In the Introduction to his just-published Kabbalah and Ecology, my friend Rabbi David Seidenberg writes: “We live in a wondrous place, this Earth, filled with beauty and surprise.  A world where the merest sparkle on the surface of the water can suggest in its variation the infinitude of the universe, ‘ru’ach Elohim m’rachefet’ – the spirit of God hovering, fluttering on the face of the waters; a world where all our senses can be filled and overflow; a world in which we share so much with even the wildest and least known creatures.”

As we were learning on Rosh HaShanah, as soon as Adam, the first human, has the ability to speak, he uses it to give names to all the other creatures.  He perceives them as distinct and different from himself.  But what makes Eden a paradise is that they are all in the garden together. In Martin Buber’s idiom, the longing for return, for teshuvah, is the yearning to be re-established in the primacy, power and tenderness of Ich und Du.

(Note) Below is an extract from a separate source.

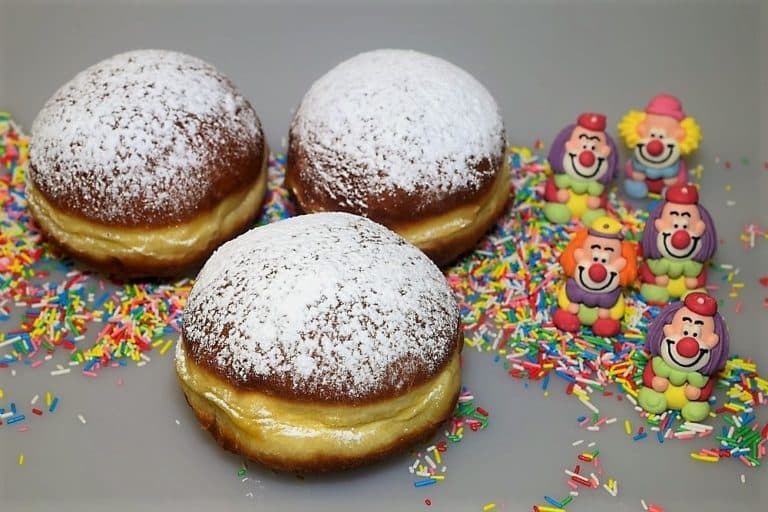 Faschings Krapfen Jetzt online bestellen | Konditorei Karin | Bozen ...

Lighting candles on Friday night or wearing white garments on Yom Kippur are lovely customs that help us attune to the holidays. The practices of Shabbat and Yom Kippur do not guarantee an experience of heightened consciousness, but they establish an atmosphere and frame of mind conducive to extraordinary encounters in ordinary settings of home, neighborhood and synagogue. Yom Kippur offers us a wealth of words in Torah readings, teachings and prayers.  And to that we add a treasury of beautiful music!  As a shabbat shabbaton, Yom Kippur can permeate all our Shabbat moments, whether we make Shabbos from sundown Friday to sundown Saturday or enjoy Shabbat-like minutes and hours of renewal throughout the week.  Shabbat can happen any time when your eagerness to do and accomplish can be at rest, in moments of learning, reflection, recreation or creativity. May we all be blessed with a multitude of moments when we can let go of the past, refrain from reaching for the future, and slip into the astonishing experience of being right here, right now, in the deep, deep present.